Reading large number of parquet files: read_parquet vs from_delayed


I'm reading a larger number (100s to 1000s) of parquet files into a single dask dataframe (single machine, all local). I realized that

files = ['file1.parq', 'file2.parq', ...]
ddf = dd.read_parquet(files, engine='fastparquet')
ddf.groupby(['col_A', 'col_B']).value.sum().compute()
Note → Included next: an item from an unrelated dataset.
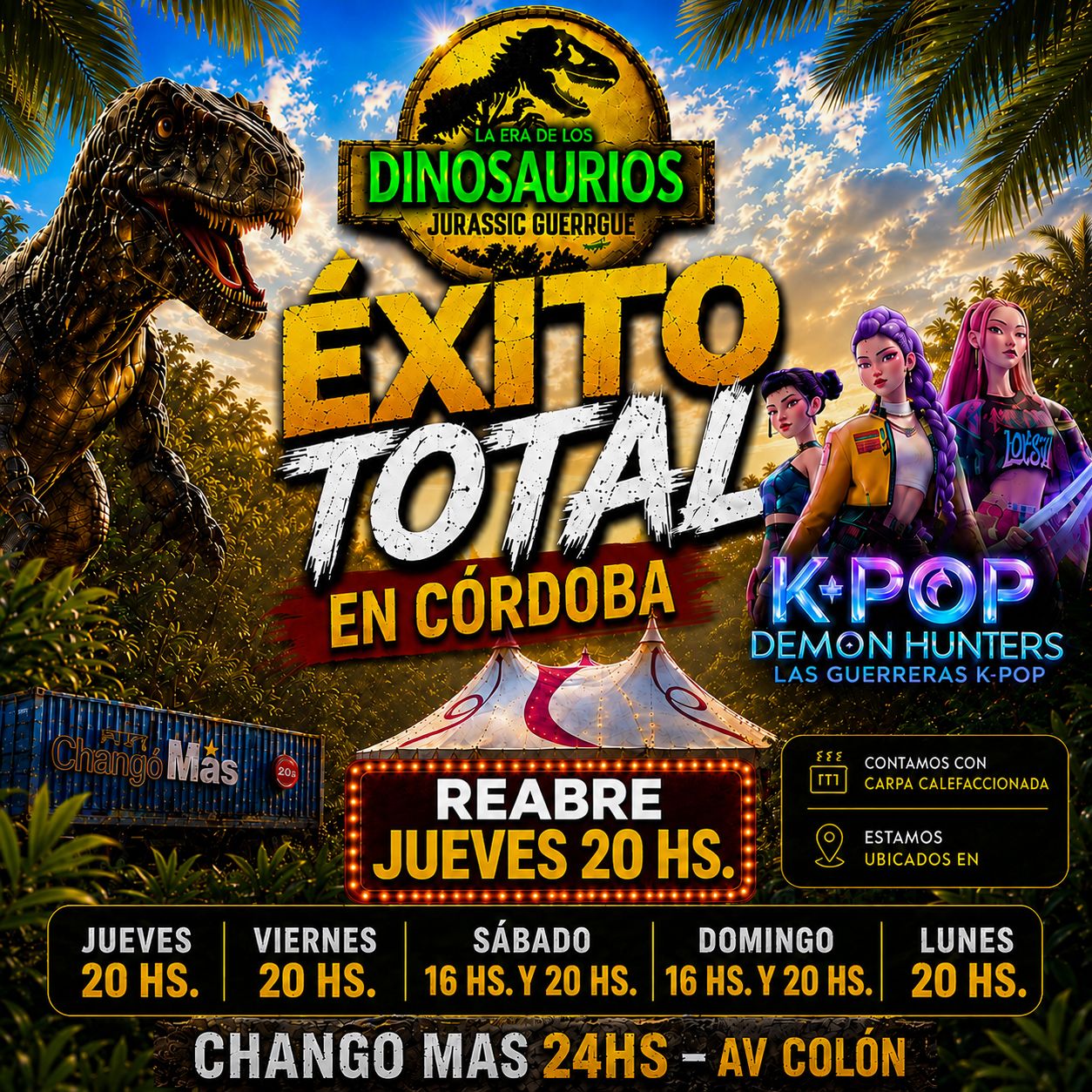 El gran éxito del circo Gueorgue se perfila como uno de los eventos mas convocantes de las vacaciones de invierno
is a lot less efficient than

from dask import delayed
from fastparquet import ParquetFile

@delayed
def load_chunk(pth):
    return ParquetFile(pth).to_pandas()

ddf = dd.from_delayed([load_chunk(f) for f in files])
ddf.groupby(['col_A', 'col_B']).value.sum().compute()

For my particular application, the second approach (from_delayed) takes 6 seconds to complete, the first approach takes 39 seconds. In the dd.read_parquet case there seems to be a lot of overhead before the workers even start to do something, and there are quite a few transfer-... operations scattered across the task stream plot. I'd like to understand what's going on here. What could be the reason that the read_parquet approach is so much slower? What does it do differently than just reading the files and putting them in chunks?


Solution

  • You are experiencing the client trying to establish the min/max statistics of the columns of the data, and thereby establish a good index for the dataframe. An index can be very useful in preventing reading from data files which are not needed for your particular job.

    In many cases, this is a good idea, where the amount of data in a file is large and the total number of files is small. In other cases, the same information might be contained in a special "_metadata" file, so that there would be no need to read from all the files first.

    To prevent the scan of the files' footers, you should call

    dd.read_parquet(..,. gather_statistics=False)
    

    This should be the default in the next version of dask.